Why does the light travel slower in denser medium? Wikipedia says that "in general, the refractive index of a glass increases with its density." And the refraction index of water vapor is less than ice, and even less than liquid water. Is there any simple explanation to that?
 A: This is quite a subtle issue. The charges in the medium produce secondary spherical expanding EM waves when hit by the primary wave (external forces). There is immense number of these secondary waves. At any point of space, each secondary wave has slightly different wave vector.
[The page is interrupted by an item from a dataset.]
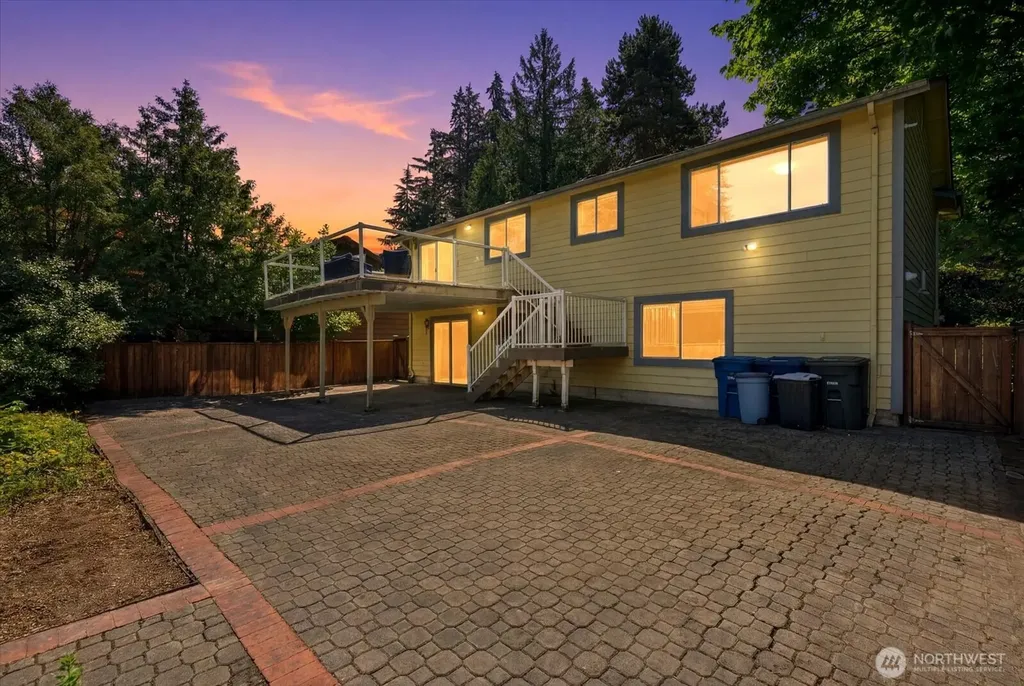 3006 89th Place SE Mercer Island WA 98040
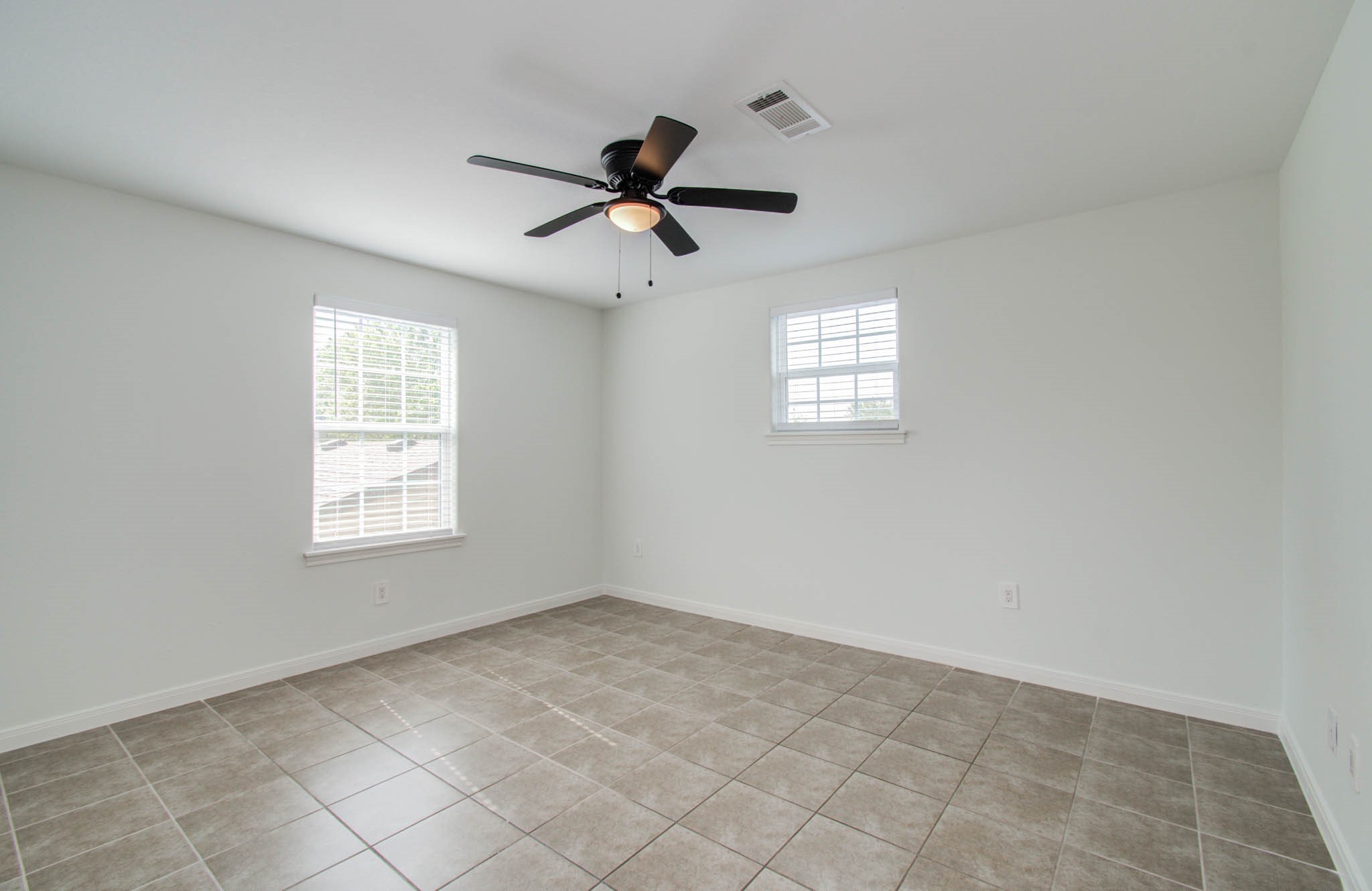 5403 Farley Drive, Houston, TX, 77032 | 34249424 | Realty Texas LLC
In a medium dense enough, these secondary waves add to the primary wave in such a way that the resulting wave has behaviour that is well described by a single macroscopic wave of the same frequency and (usually) same direction but (for most frequencies) with a reduced wavelength.
A common picture backed by successes of dispersion theory is that the relation $\mathbf j(t) = c\mathbf E(t-\Delta t)$ is valid, where $c, \Delta t$ are some medium property constants that depend on frequency of the wave, $\mathbf j$ is current density and $\mathbf E$ is total macroscopic electric field. With this assumption, Maxwell's equations imply that the resulting wave in the medium will have modified (in usual cases shorter) wavelength hence lower velocity (for a certain limited interval of frequencies it can have a longer wavelength and higher velocity).
A: The simplest picture is that light always travels at the speed of light.
But in a material it travels at the speed of light until it hits an atom. It is then absorbed and re-emitted in the same direction, which takes a small amount of time.
The more this happens, the slower the effective average speed.
The denser the material, the more atoms there are in the way.